> **PROBLEM**: Only the lines below, from the one with "727 FRIENDSHIP HILL" through the one with "Slim Fit Black", are to be written out, exactly.

> **SOURCE DATA**:
────
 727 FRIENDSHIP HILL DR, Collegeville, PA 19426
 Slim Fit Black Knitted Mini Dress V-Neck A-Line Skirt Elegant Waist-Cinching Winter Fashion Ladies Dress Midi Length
────
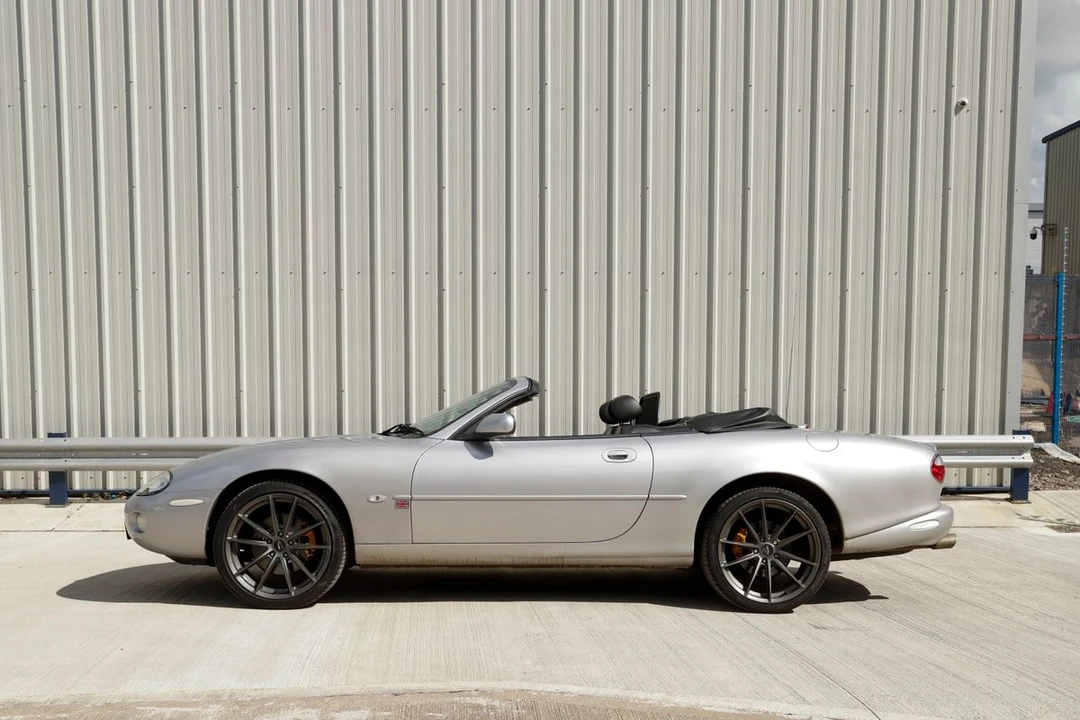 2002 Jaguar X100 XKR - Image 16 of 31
────
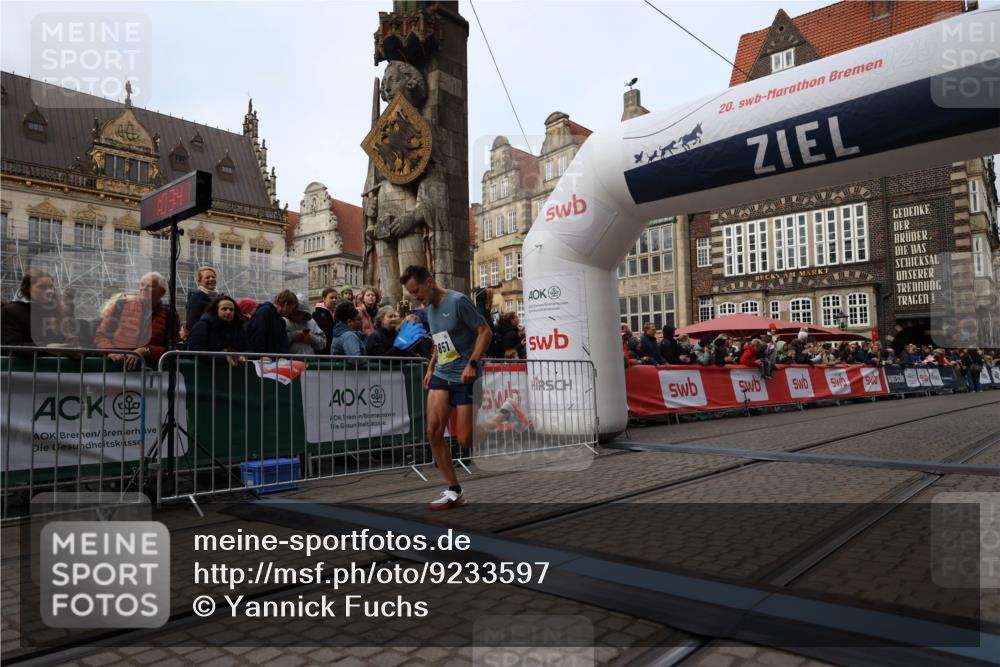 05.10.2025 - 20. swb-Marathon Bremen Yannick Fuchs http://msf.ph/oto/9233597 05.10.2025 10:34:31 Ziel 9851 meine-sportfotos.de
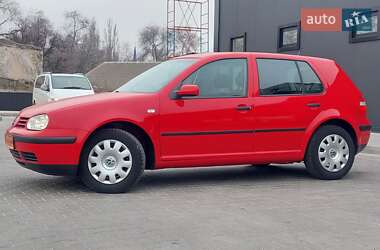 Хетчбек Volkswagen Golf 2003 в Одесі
────
> **EXERCISE ANSWER**:
 727 FRIENDSHIP HILL DR, Collegeville, PA 19426
 Slim Fit Black Knitted Mini Dress V-Neck A-Line Skirt Elegant Waist-Cinching Winter Fashion Ladies Dress Midi Length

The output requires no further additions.